C. ELEVEN OBSERVATIONS
1. One trial with the Jinhao no. 6 nib used only the expansion of the vent hole, with no wing scallop removal. In the writing trial, the tines widened, but didn't seem to snap back into position. Without wing scallops, the lines were all wide, all uncontrollably juicy, all the time.
2. The enlarged vent hole made a significant difference in the ability of the tines to separate.
3. The Dremel cut-off disc can make a crescent-like, oval, enlarged horizontal vent hole. The oval hole is ugly. Jeweler's needle files might help shape the hole, and some kind of buffing/polishing process would help. The design of vent/reservoir holes in dip nibs may provide some inspiration.
4. Gold-tone nibs lose their finish in the grinding process. Chrome-colored steel nibs might be more attractive candidates.
5. The back side of the nib, behind the slit, took some abrasion in the grinding process. Ink supply did not seem to be impeded.
6. The design of standard dip nibs is more utilitarian, often showing grinding marks where the manufacturer thinned the nib material. A pen user who modifies nibs for calligraphy may need to discount nib aesthetics.
7. Cutting the scallops from the wings is fairly simple and foolproof, and requires about 10 minutes.

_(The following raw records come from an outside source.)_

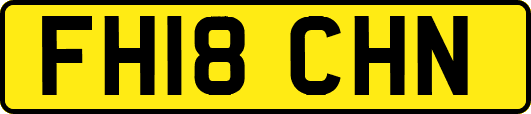 FH18CHN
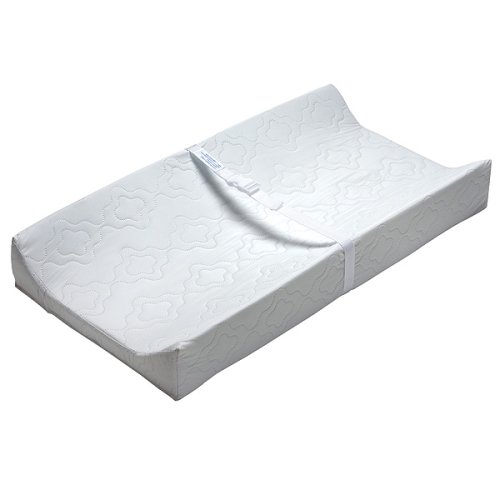 Basic Comfort Contoured Changing Pad by Summer Infant.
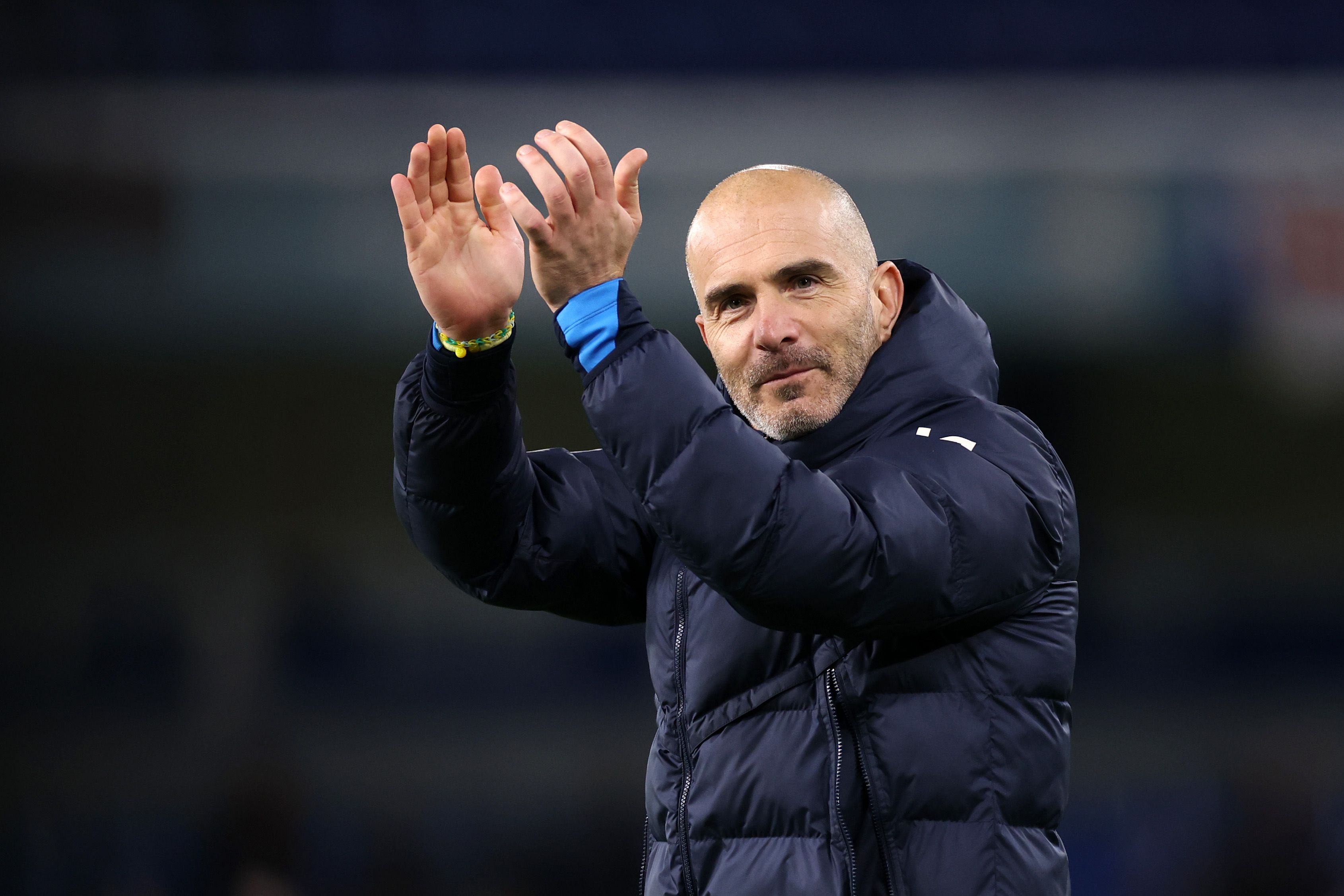 Chelsea FC v Brentford FC - Premier League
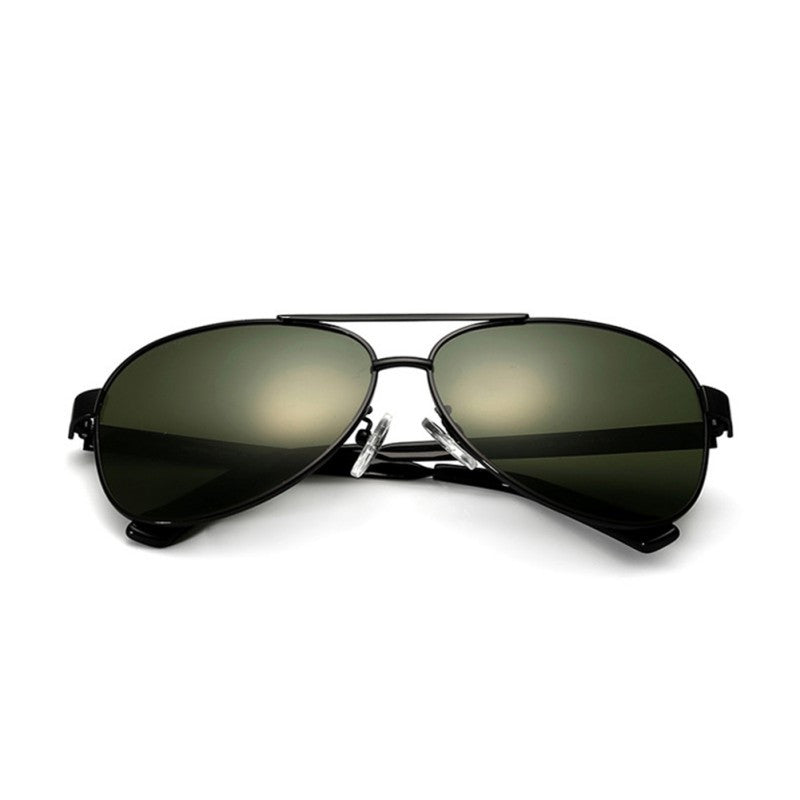 Veithdia Men Polarized Sunglasses S Driving Mirror Sun Glasses Eyewear Oculos De Sol J4U66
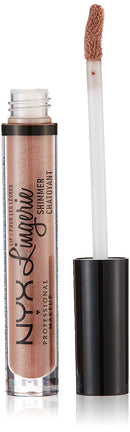 NYX - Lip Lingerie Shimmer "Butter"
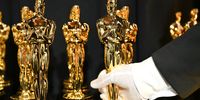 98th Oscars - Backstage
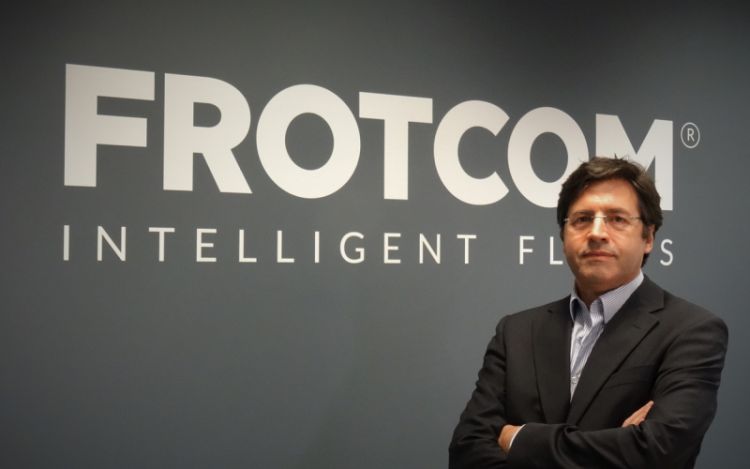 Blog - Frotcom International renews its ISO 9001:2015 certification Frotcom International renews its ISO 9001:2015 certification - Frotcom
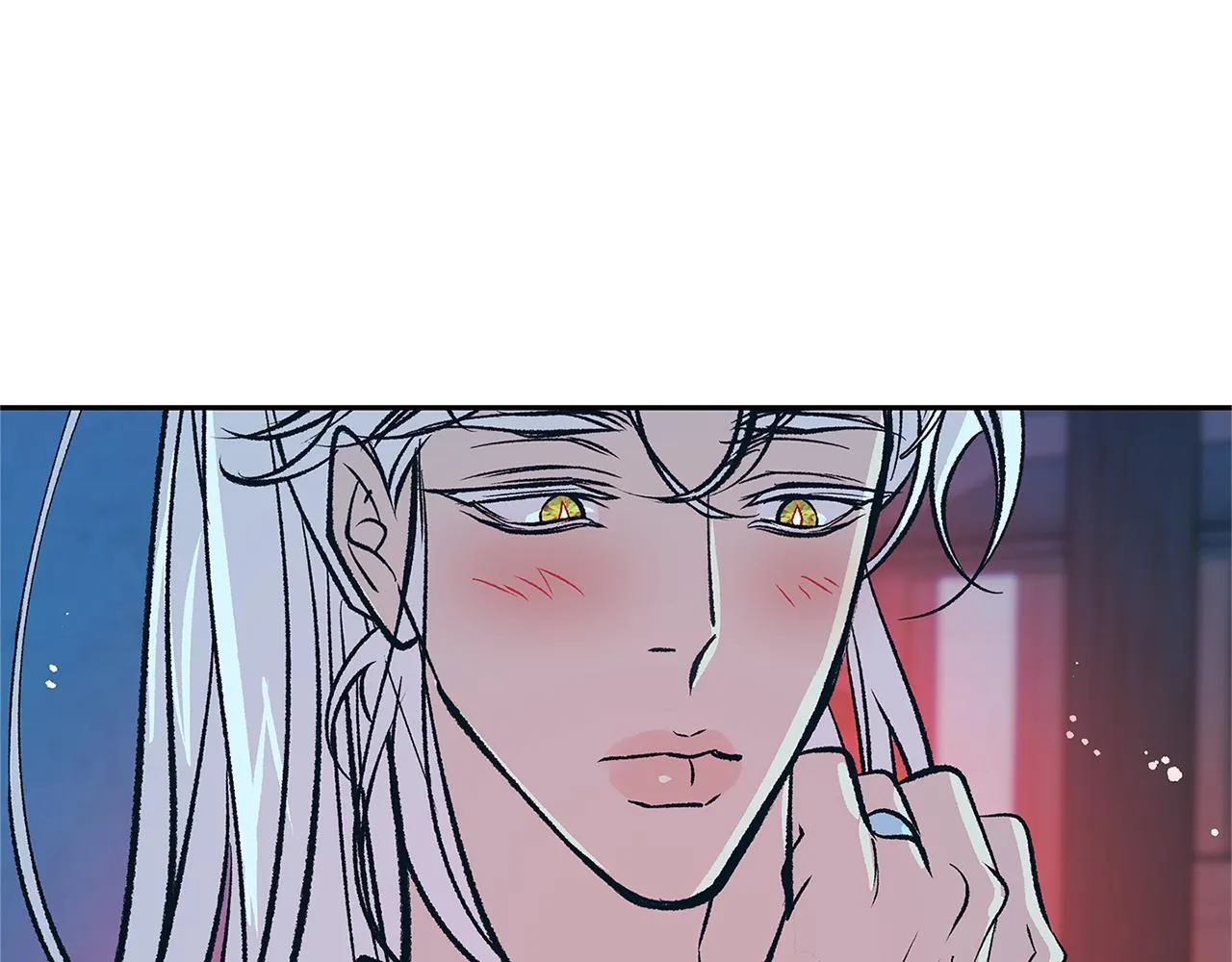 第76话 差点被发现 第56页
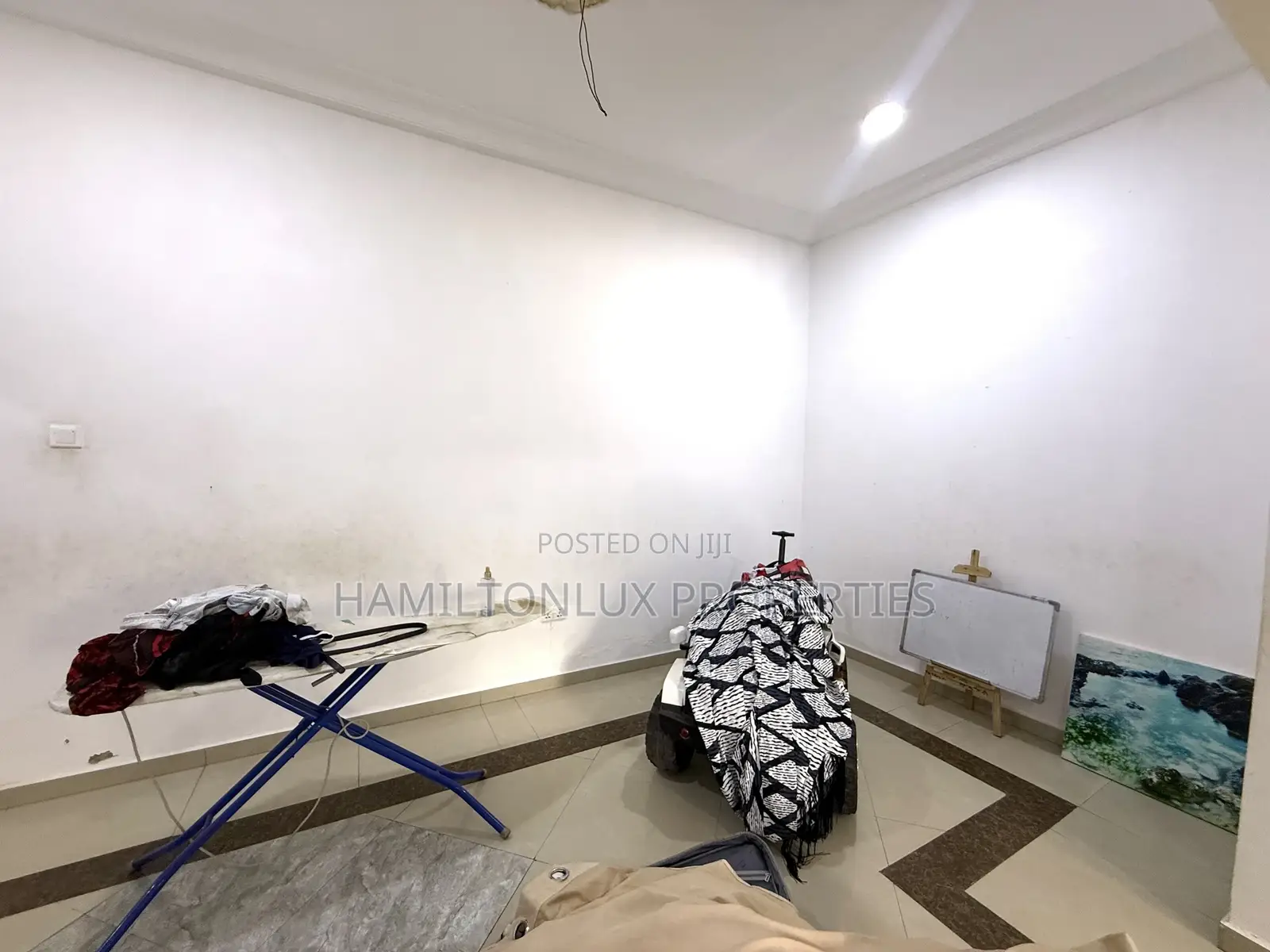 2bdrm House in Easy Legon Hills for rent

Enlarging the vent hole requires more precision, and also takes about 10 minutes. This is my first flex nib modification, and my first time using a Dremel tool.
8. The standard ebonite feed in the Airmail Wality 71J keeps up extremely well. No deepening of the ink channel was required.
9. The plastic feed in the Jinhao x450 kept up better than expected.
10. The modification process improves writing performance in both nibs, making the writing experience much more enjoyable. The modification also makes the nibs lay down significantly more ink, and the ink capacity of the Airmail Wality eyedropper helps.
11. This modification makes the standard fine Airmail Wality nib enjoyable to write with. Airmail Wality pen bodies are well-crafted, but provide significant amounts of feedback, and I usually swap the standard nib for something else.